Most of us would agree that fiscal support to state-owned enterprises has generally yielded poor outcomes. Repeated bailouts for SAA and Eskom certainly didn’t turn them around. But what we do know is that when climate shocks happen, such as consecutive years of drought that led to the Day Zero crisis in Cape Town, or nationwide droughts that led to no fewer than three national states of disaster in the past five years, the funding response has been limited, and in some cases nonexistent. This has led to major economic disruptions and a loss of government revenue. Look no further than tourism and agriculture data during the Day Zero crisis.

Spending priorities

Given SA’s vulnerability to drought, fiscal expenditure would be more efficiently used if it went to improve water infrastructure. On the best of days only a third of SA’s water infrastructure is operational. Then there are sectors that need additional support — financing solar powered irrigation for farmers, for instance.

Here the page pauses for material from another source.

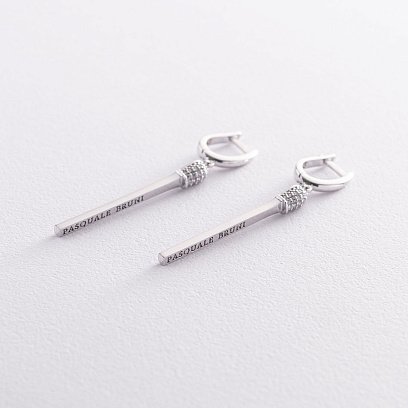 Золотые серьги "Спички" (фианит) с06280 №5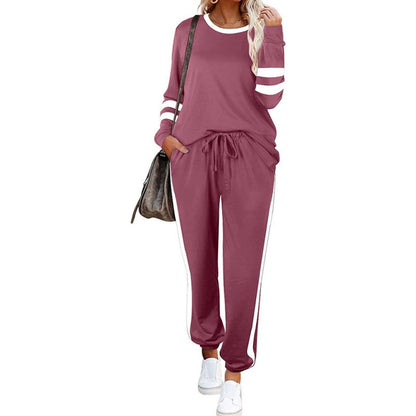 2-delad Crewneck Color-Block Sweatsuit för kvinnor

The bulk of my work focuses on climate change, but there also important human capital areas that will remain underfunded amid expenditure cuts, such as education and health. The effect is to hobble SA for decades given that low investment in education will be felt as children become adults who need to enter the workforce.

Section 27’s 2022 budget analysis found that funding for basic education is expected to grow at only 2% per annum on average, over the next three years, and health by 0.2% — far below the average forecast consumer inflation rate of 4.5%. This means that in real terms the education sector will face a 2% contraction a year, and the health sector a 4.3% annual contraction, over the coming three years.

Is there a solution? Sometimes it feels that the answer is no — that darkness will be the norm indefinitely and we’ll move towards Nigeria’s model of giving up on the state, that anyone who can afford should just buy a generator. But that’s untenable — it will only widen inequality. Already we have seen this trend in SA:  look out of the window when you’re flying into Cape Town and you’ll many formal houses covered in solar panels. And if you can’t afford it? Tough luck.

I’d like to think there’s hope though — and it’s not that moving Eskom to Gwede Mantashe’s department of mineral resources & energy will miraculously fix things. It’s ensuring that Eskom stays off the balance sheet and budget, so that SA’s fiscal resources can be used to finance the areas that need it most, including strengthening this country’s ability to cope with climate change amid repeated shocks, and improving human capital outcomes.

Without the private sector taking over energy Eskom will remain a burden on SA’s balance sheet. My hope is that the coming budget won’t take shortcuts on the areas that need it most. But that seems unlikely.